YOUR TASK: Down to the last line below, write out every line exactly, starting with the one that contains "Casa Ruxandrei - Constanza - 4" and leaving out the pictures.

[GIVEN DATA — start]

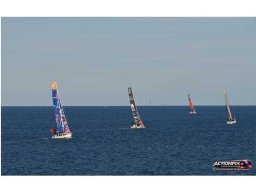 2024-09 Course Med Max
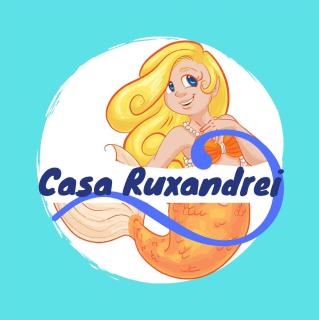 Casa Ruxandrei - Constanza - 4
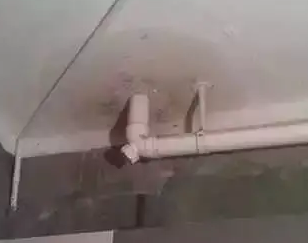 沾化卫生间测漏水哪家好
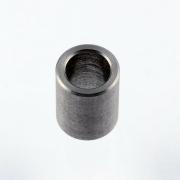 morepic-1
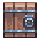 Door icon small.png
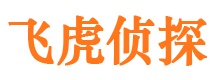 四方寻人公司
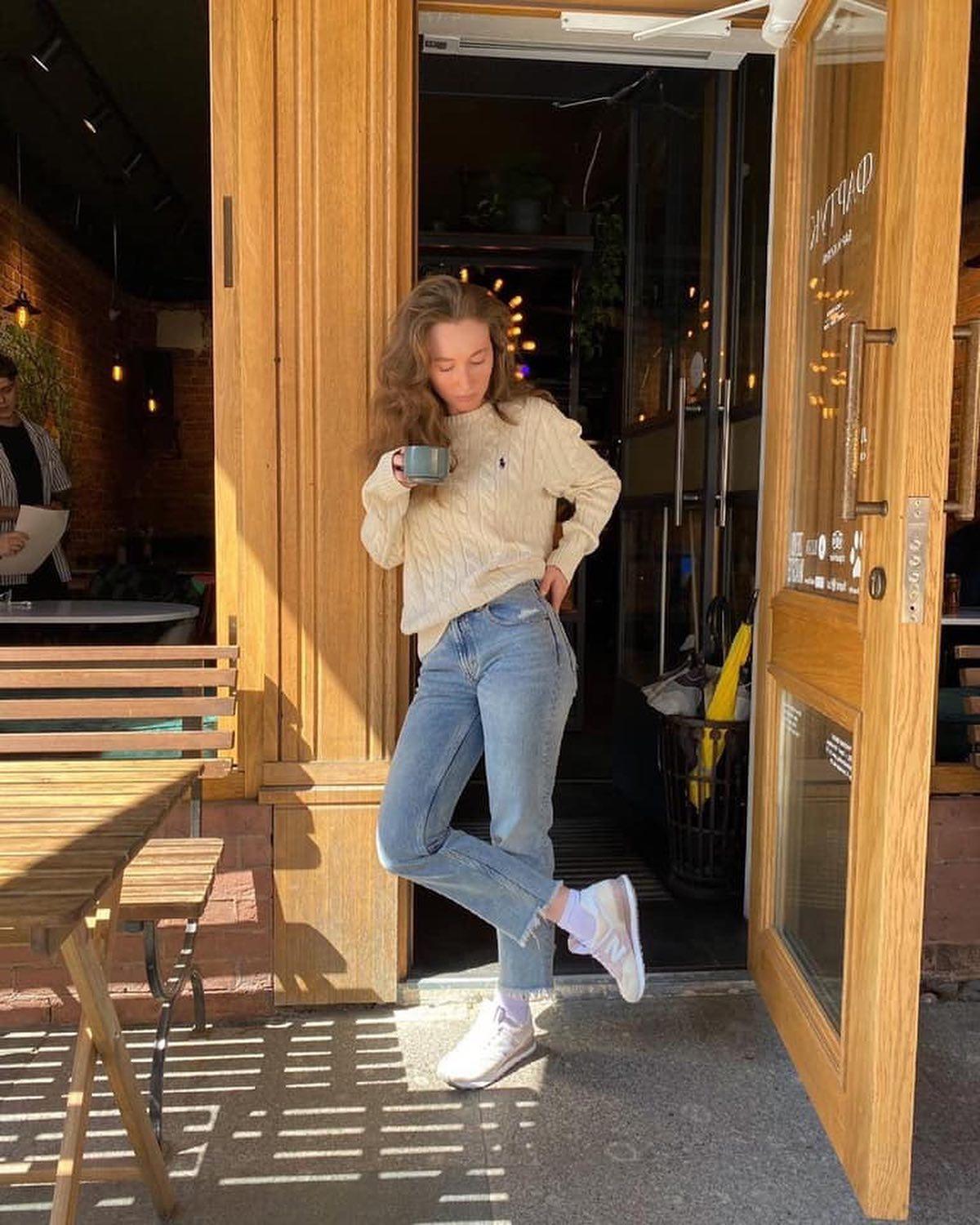 폴로 절대 못잃어🐎🧢🤍 이미지4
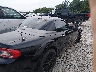JM1NC2FF8A0****** Salvage and Wrecked 2010 Mazda MX-5 in Tennessee State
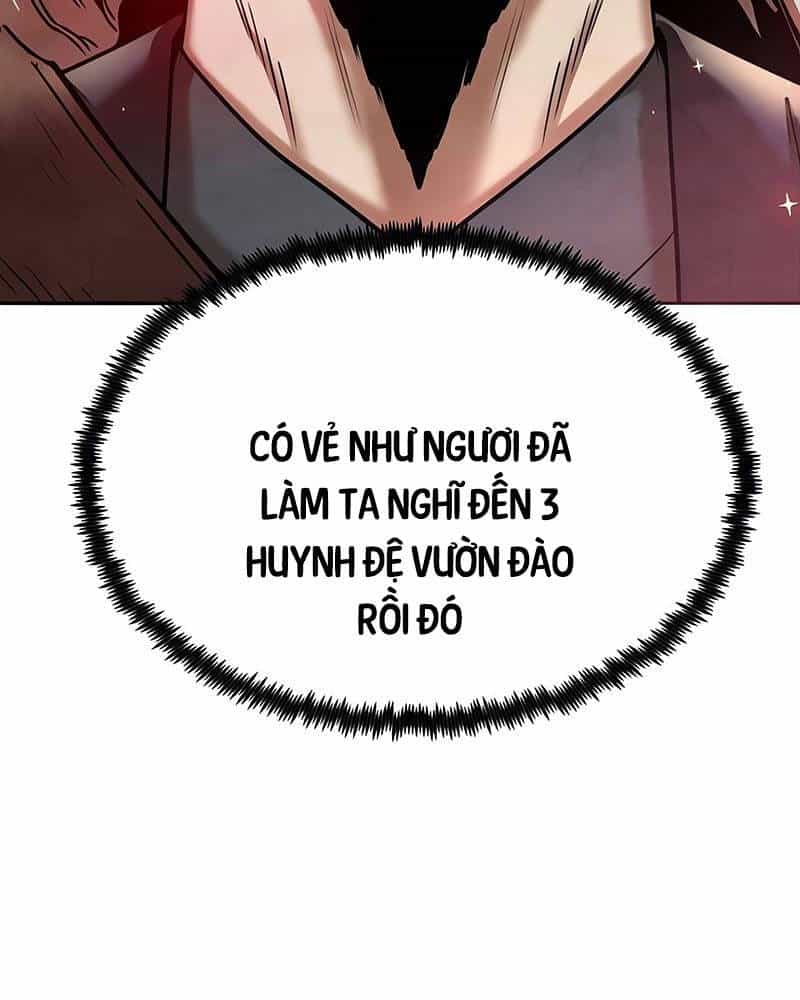 Tay Súng Chinh Phục Võ Lâm - Chương 21 - ảnh 68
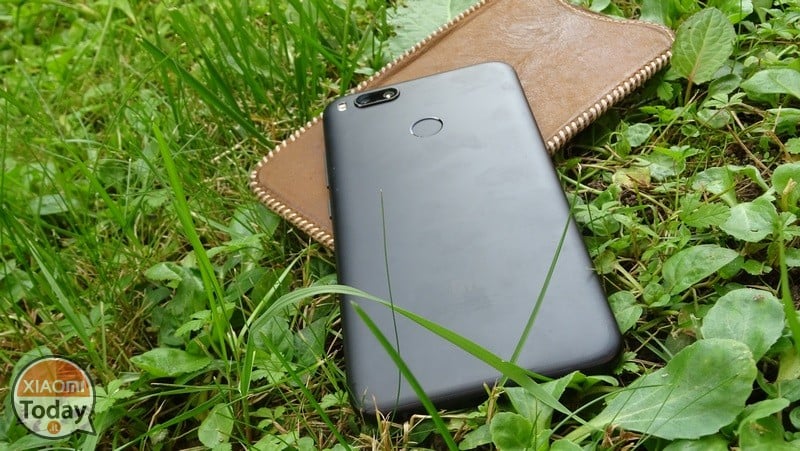 Xiaomi-Mi-5X समीक्षा-xiaomitoday-18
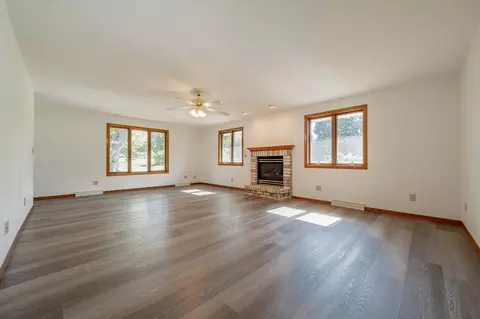 3530 N Spruce St, Appleton, WI 54914 photo 12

[GIVEN DATA — finish]

EXERCISE ANSWER:
 Casa Ruxandrei - Constanza - 4
 沾化卫生间测漏水哪家好
 morepic-1
 Door icon small.png
 四方寻人公司
 폴로 절대 못잃어🐎🧢🤍 이미지4
JM1NC2FF8A0****** Salvage and Wrecked 2010 Mazda MX-5 in Tennessee State
 Tay Súng Chinh Phục Võ Lâm - Chương 21 - ảnh 68
 Xiaomi-Mi-5X समीक्षा-xiaomitoday-18
 3530 N Spruce St, Appleton, WI 54914 photo 12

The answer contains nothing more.